Gilbert & George Rule: Or How I May Become a Living Sculpture

Published by Lisa under Uncategorized

If you haven’t seen the big Gilbert & George exhibit, run don’t walk down to the De Young in San Francisco’s Golden Gate Park. This may be the most fun art exhibit you see this decade.

Did say “fun”? Yes, I mean fun. Gilbert & George, that strange Anglo/Italian art duo, have been making their art since the Sixties under the premise that art should be accessible to everyone.

In their words:

“We want our art to speak across the barriers of knowledge directly to People about their Life and not about their knowledge of art. The 20th century has been cursed with an art that cannot be understood. The decadent artists stand for themselves and their chosen few, laughing at and dismissing the normal outsider. We say that puzzling, obscure and form-obsessed art is decadent and a cruel denial of the Life of People”.

To that end, they have inserted ordinary urban imagery and found pieces — including themselves — into every piece they do. Then they’ve rendered their images in boldly colored and outlined large panels, reminiscent of stained glass windows. And as an added touch, every piece is labeled with helpful titles that tell you exactly what the picture is about.


In one of their early pieces, they had just sold a piece of art for what, to them, seemed like a huge sum. What did they do with the money? They got drunk for nights on end at the pub. Then made a piece of art called “Gibson’s Makes Us Drunk”, including images of Gibson’s Gin, pub imagery and themselves in various states of inebriation. Since they call themselves “living sculpture” and claim their whole lives are art, they maintain that the drunken celebration was part of the consequences of Art, and therefore Art in itself. I’ll tell you, a bender has never been so beautifully rendered!

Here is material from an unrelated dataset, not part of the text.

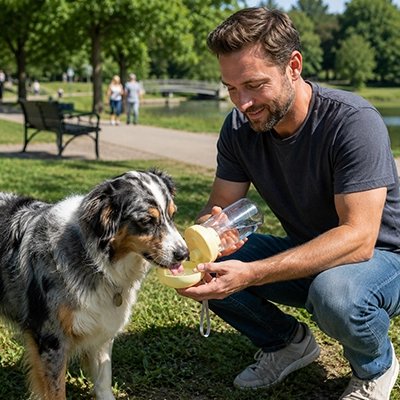 Gourde pour Chien colley buvant de l'eau dans un parc avec son maitre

But I’m not giving you any idea how oddly beautiful so much of their work is. And thought provoking. Even the pictures where they include large representations of beautifully stylized pieces of poo. (Such as the one piece with an artfully coiled piece of poo on a globe, entitled “Shit World”. Or the piece featuring naked G&G standing on a beautifully stylized mound of poo, called “In the Shit”. I have to emphasize, the images are not shocking so much as quite beautiful. As G&G say, “you can’t have life without poo, so poo becomes a kind of art in and of itself.”) Georgia O’Keefe famously said that most people dismiss flowers as small and insignificant, so she had to paint them very large so that people would really look at them. Gilbert & George have done for poo what O’Keefe did for jimson weed. You’ll laugh, but you’ll also think. And you’ll never find poo so beautifully rendered.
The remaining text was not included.